Но, разумеется, пока я остаюсь в убежище, врачу легче следить за моим состоянием, и

он, смею думать, меньше опасается, не зря ли мне разрешили заниматься живописью.

Уверяю тебя, мне здесь неплохо, и я пока что не вижу оснований переезжать в какую-

нибудь другую лечебницу в Париже или его окрестностях. У меня маленькая комнатка,

оклеенная серо-зелеными обоями, с двумя занавесями аквамаринового цвета с набивным

рисунком – очень бледные розы, оживленные кроваво-красными полосками.

Эти занавеси – наверно, дар какого-нибудь несчастного богатого покойного пациента

– очень хороши. Того же происхождения, видимо, и старое кресло, обитое пестрой тканью a la

Диаз или a la Монтичелли: коричневое, красное, розовое, белое, кремовое, черное, незабудковое

и бутылочно-зеленое. За окном, забранным решеткой, видно обнесенное стеной пшеничное

поле – пейзаж в духе ван Гойена, над которым по утрам во всем своем блеске восходит солнце.

Кроме того, поскольку здесь пустует более тридцати комнат, у меня есть еще одна

комната для работы.

Еда – так себе. Немножко, конечно, попахивает плесенью, как в каком-нибудь

заполненном тараканами парижском ресторанчике или дрянном пансионе. Так как несчастные

больные совершенно ничего не делают (нет даже книг, ничего решительно, чтобы занять их,

кроме кегельбана и шашек), им не остается ничего другого, как в определенные часы набивать

себе живот горохом, бобами, чечевицей, разной бакалеей и колониальными продуктами.

Так как переваривание этой пищи сопряжено с некоторыми трудностями, то они

поглощены весь день занятием столь же безопасным, сколь и дешевым.

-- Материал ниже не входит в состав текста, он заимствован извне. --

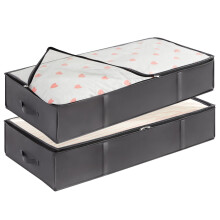 Lifewit 2 Pack 95L Under Bed Storage, Underbed Storage Boxes with lid Clothes Storage Bag Wardrobe Storage Organiser with Reinforced Handle, PVC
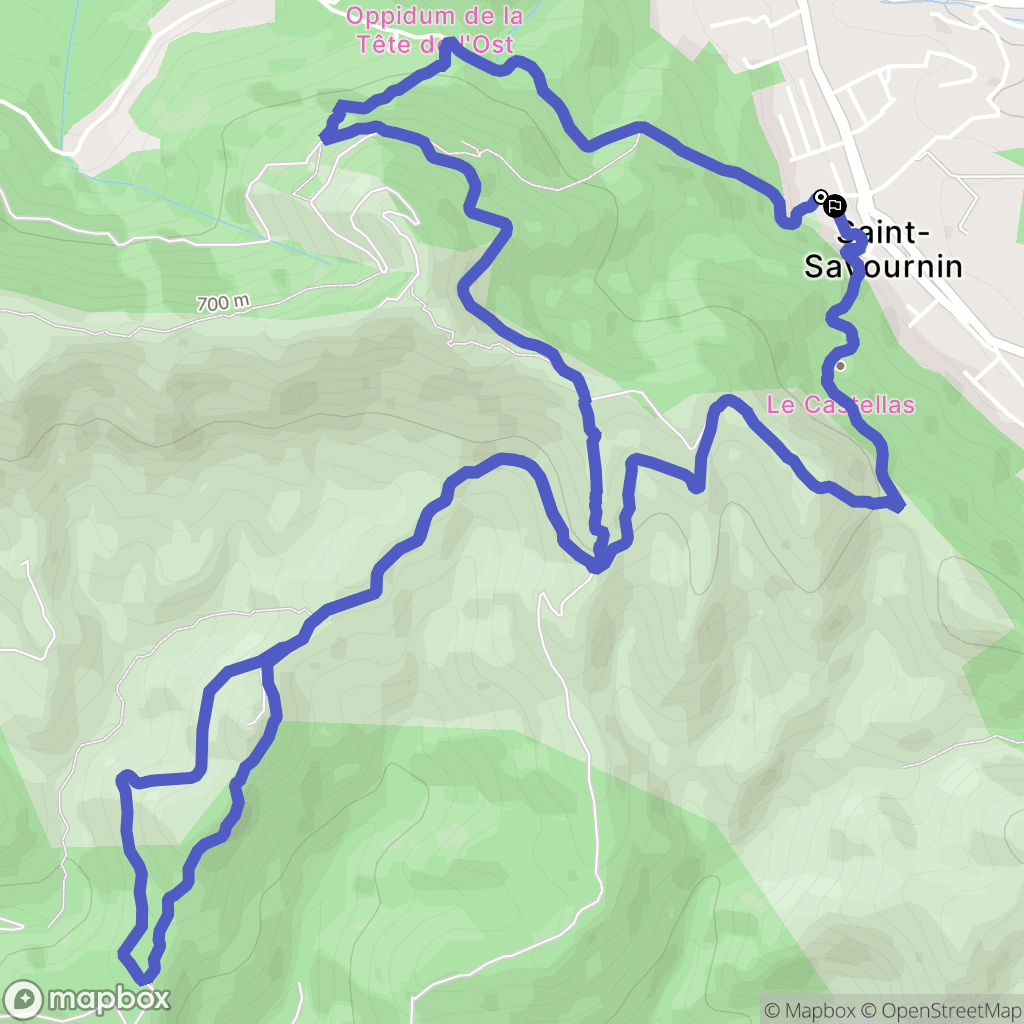 Saint-Savournin : carte du parcours de randonnée - France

Но, отбросив шутки в сторону, должен сказать, что я в значительной мере перестаю

бояться безумия, когда вижу вблизи тех, кто поражен им, тех, каким в один прекрасный день

легко могу стать я сам.

Раньше они внушали мне отвращение, и я приходил в отчаяние, вспоминая, какое

множество людей нашей профессии – Тройон, Маршал, Мерион, Юндт, М. Марис,

Монтичелли и целая куча других – кончили тем же. Я никак не мог себе представить, что и сам

когда-нибудь окажусь в таком же положении.

Так вот, теперь я думаю обо всем этом без страха, то есть считаю смерть от

сумасшествия не более страшной, чем смерть, например, от чахотки или сифилиса…

Хотя есть и такие больные, которые постоянно кричат и обычно бывают невменяемы,

здесь в то же время существует и подлинная дружба.

Они говорят: «Мы должны терпеть других, чтобы другие терпели нас». Высказывают

они и иные столь же здравые мысли, которым пытаются даже следовать на практике.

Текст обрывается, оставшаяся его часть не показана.